The recognition of such differences between different kinds of fields was the main reason for the insistence of many citation analysts that citation rates can be meaningfully compared only among groups working in the same areas. Our analysis suggests, however, that the criterion of what constitutes sufficiently similar groups is itself problematic: despite the fact that the four papers we compared originated from the same small laboratory, they were clearly addressed to four distinctly structured communities. The local institutional identity of the papers' origins is not sufficient to assure the similarity of their audiences nor does it provide clues for explaining the papers perceived significance and reception.
A second question in the sociology of science, which we may address with some of our material, is about how to conceptualize the organization of research at the level of scientific fields. It has been contended, that this organization should be analyzed as a reputationally controlled work organization, organized at the level of scientific communities. Again, we did not find one scientific community of biochemists with a shared pattern of work organization, but a variety of social structures at a lower level than that of the specialty involved ("bio-energetics"). While one or two of these communities were indeed firmly integrated and hence, probably reputationally controlled, such integration and reputational hierarchy are more problematic in the other cases. In the case of the authors citing Westerhoff, we notice a state of continuous crisis at the research front, which is reflected in a lack of clear reputational hierarchy in this area. In the Sips case, we found an instance of a knowledge contribution which indicated interdependencies among researchers who did not work in precisely the same research area, and therefore, according to several indicators could not be considered as members of the same specialty group. We think that in this case the paper's significance is not even mediated by organization at the level of communities.

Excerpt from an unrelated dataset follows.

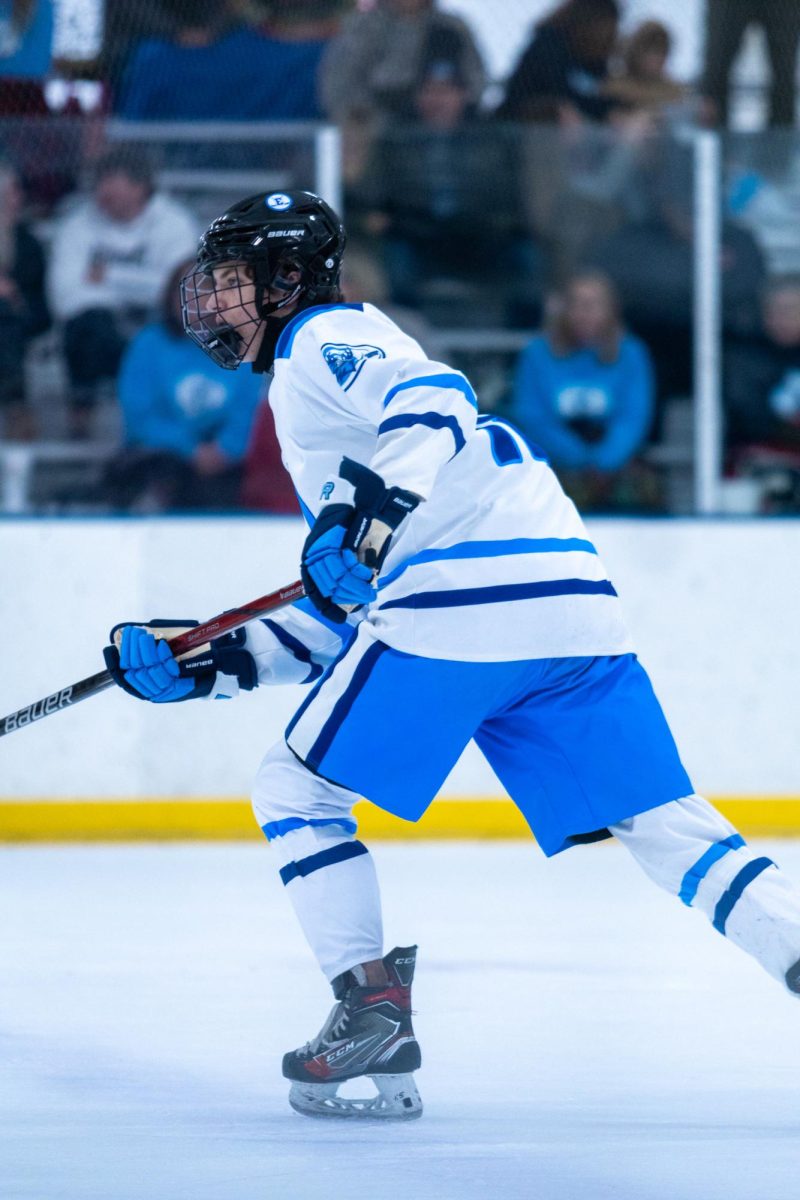 Junior Brody Strohman passes the puck to a teammate. Strohman plays for the Elkhorn Blue club team, which has players from all three Elkhorn high schools.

Therefore, we would like to speculate, that rather than the social organization of science explaining the cognitive organization, that the social organization is part of and maybe even constituted by the specific problems which are addressed at the research front. When research problems are stable-- one might say "paradigmatic"-- they give rise to stable communities, which sometimes manage to agree on standards and past performance in the area. However, in other cases, contributions can be acknowledged almost purely for cognitive reasons.
The results of our questionnaire also suggest that the impact of a cited paper on the conduct of research or on the interpretation of results is often slight, that it differs from case to case, and is not directly and unequivocally related to how the citing authors evaluate the results of the paper they cite. The citing authors appeared to cite often for rather diffuse reasons (such as "it was a contribution to the discussion"), even if the sentence that was actually cited was fairly specific and played a definite role in the argumentation of the citing paper. This difference between the scientists' reasons for citing and the textual role of the cited text in the argumentation of the citing paper is an important analytical distinction which cannot be ignored in the analysis of citation behavior on the one hand and of the cognitive role of citations in scientific literature on the other.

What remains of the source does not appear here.